Overigens vindt GroenLinks dat de huidige vergoeding van statenleden te laag is. De vergoeding is al zestien jaar lang niet verhoogd en heeft geen gelijke tred gehouden met de ontwikkeling van vergoedingen van andere politieke ambtsdragers. Het advies dat uit het IPO-onderzoek voortspruit om de vergoedingen op te trekken van 11.000 euro naar 17.000 euro per jaar ondersteunen wij. Volgt de minister dit advies?

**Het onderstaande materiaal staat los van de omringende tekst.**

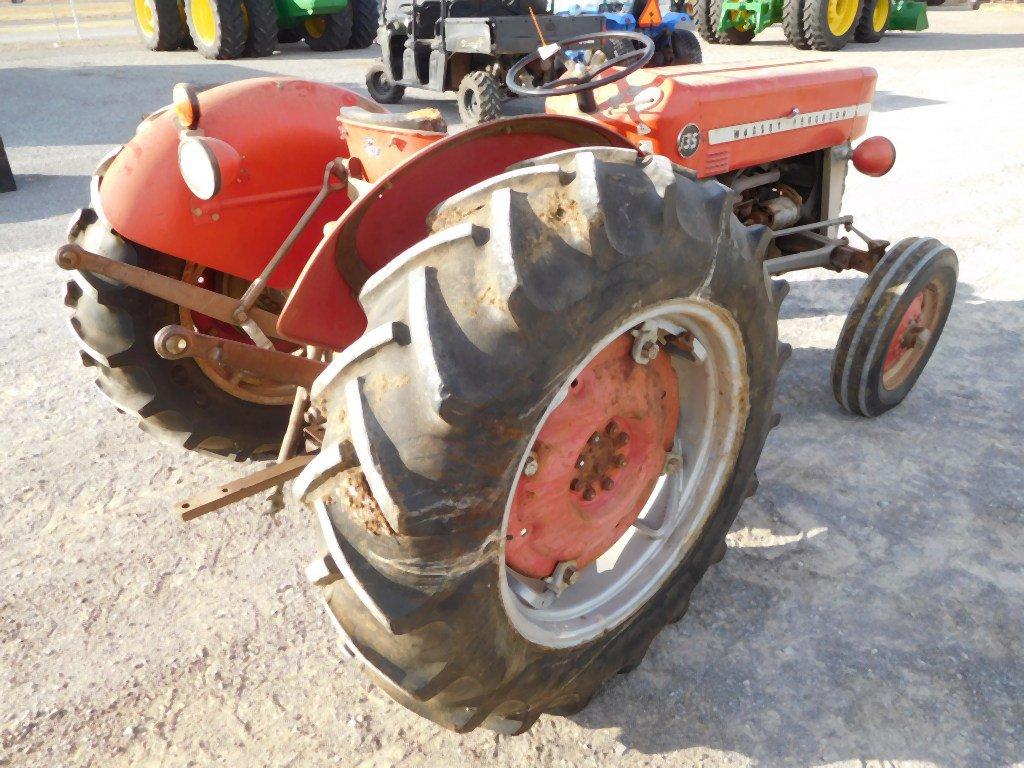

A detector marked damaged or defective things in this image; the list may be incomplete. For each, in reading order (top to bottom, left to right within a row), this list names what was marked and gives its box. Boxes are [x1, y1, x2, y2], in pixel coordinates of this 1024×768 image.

rusty rim [179, 262, 298, 408]
rusty rim [880, 276, 944, 390]
rusty rim [500, 300, 748, 648]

kleine provincies meer taken
Een vierde argument is dat kleine provincies een relatief beduidend omvangrijker takenpakket hebben dan grote provincies als Zuid- of Noord-Holland met grote steden die al dan niet in WGR+-verband veel zelfstandiger functioneren. Grote delen van die grote provincies zijn in zekere zin provincie-vrij. Maar dat geldt niet voor bijv. Drenthe, dat een groot aantal provinciale taken op haar bordje heeft liggen dat in de gehele provincie tot in alle uithoeken uitgeoefend wordt. Van een samenhangend beleid voor de versnipperde landbouwgebieden tot waterhuishoudings-, milieubeleids- tot streekplannen. 

diversiteit loopt gevaar
Een vijfde argument is dat met verkleining van het aantal statenleden niet alleen de politieke pluriformiteit in gevaar komt, maar ook de diversiteit. Vrouwen en migranten zullen nog slechter vertegenwoordigd zijn dan thans, zo is de verwachting, die mede gebaseerd is op ervaringen elders. 

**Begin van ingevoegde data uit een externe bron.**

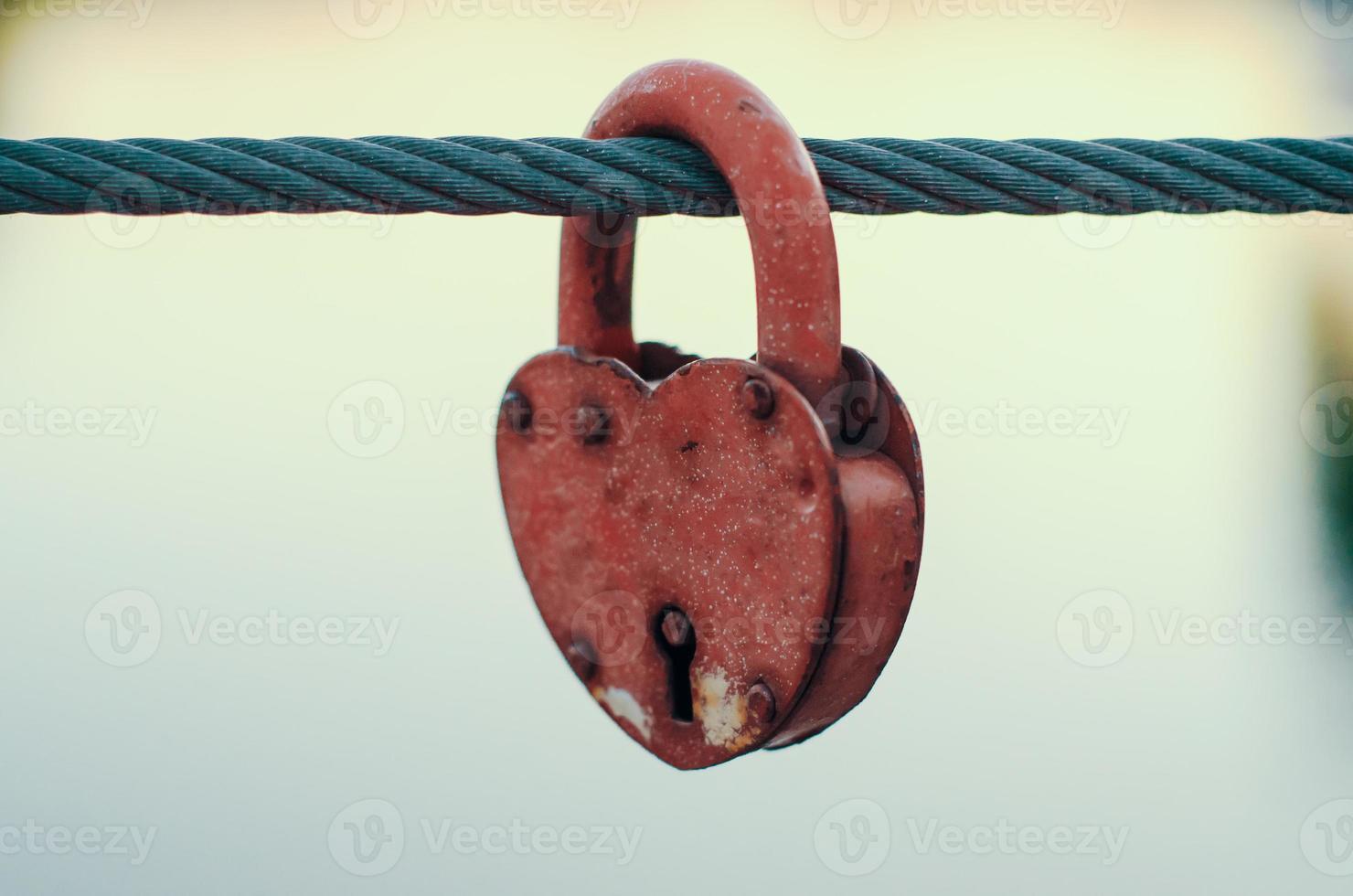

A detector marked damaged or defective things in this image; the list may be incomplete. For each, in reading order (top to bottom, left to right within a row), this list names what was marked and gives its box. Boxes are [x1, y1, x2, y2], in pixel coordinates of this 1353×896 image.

rust spot on padlock [503, 58, 925, 773]
chipped paint on padlock [503, 58, 925, 773]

Een anders vormgegeven verkleining bespreekbaar?
GroenLinks ziet echter wel in dat er enkele argumenten zijn om enigszins aan de aantallen te sleutelen. Zo is met de dualisering in feite het aantal statenleden toegenomen, omdat de gedeputeerden niet langer statenlid zijn. Ook zijn de grootste provincies wel zeer rijkelijk bedeeld met 83 statenleden. Dat zou best wat minder kunnen. Maar ook in dit geval geldt: eerst wachten op de evaluatie van de dualisering en in samenhang met de uitkomsten van de discussie over de positie van het middenbestuur. Is de minister nu onderhand ook zo ver deze conclusie te trekken als het wetsvoorstel wordt verworpen?

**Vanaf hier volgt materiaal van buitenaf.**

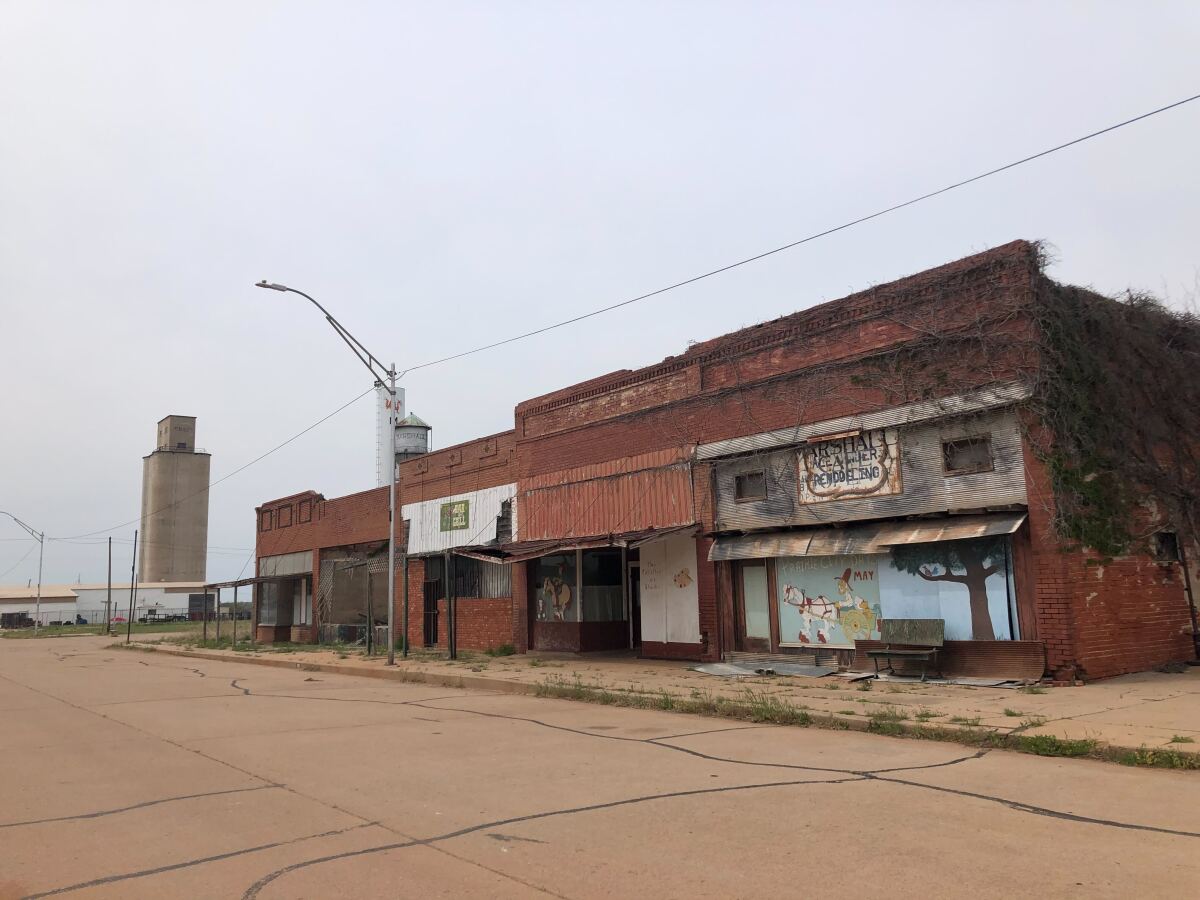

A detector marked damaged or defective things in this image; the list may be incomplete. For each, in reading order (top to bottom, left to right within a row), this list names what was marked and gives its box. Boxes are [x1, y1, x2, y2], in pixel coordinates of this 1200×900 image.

rusted metal roof [705, 513, 1027, 564]
crack in pavement [1, 787, 276, 830]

Een sterke volksvertegenwoordiging
GroenLinks is voor versterking van de positie van de volksvertegenwoordiging. Dat wordt bereikt door meer bevoegdheden, meer controlemogelijkheden, meer deskundige ondersteuning en meer ruimte voor het ontplooien van eigen initiatieven. Met alle goede wil van de wereld valt niet in te zien dat dit voorstel daar een bijdrage aan levert.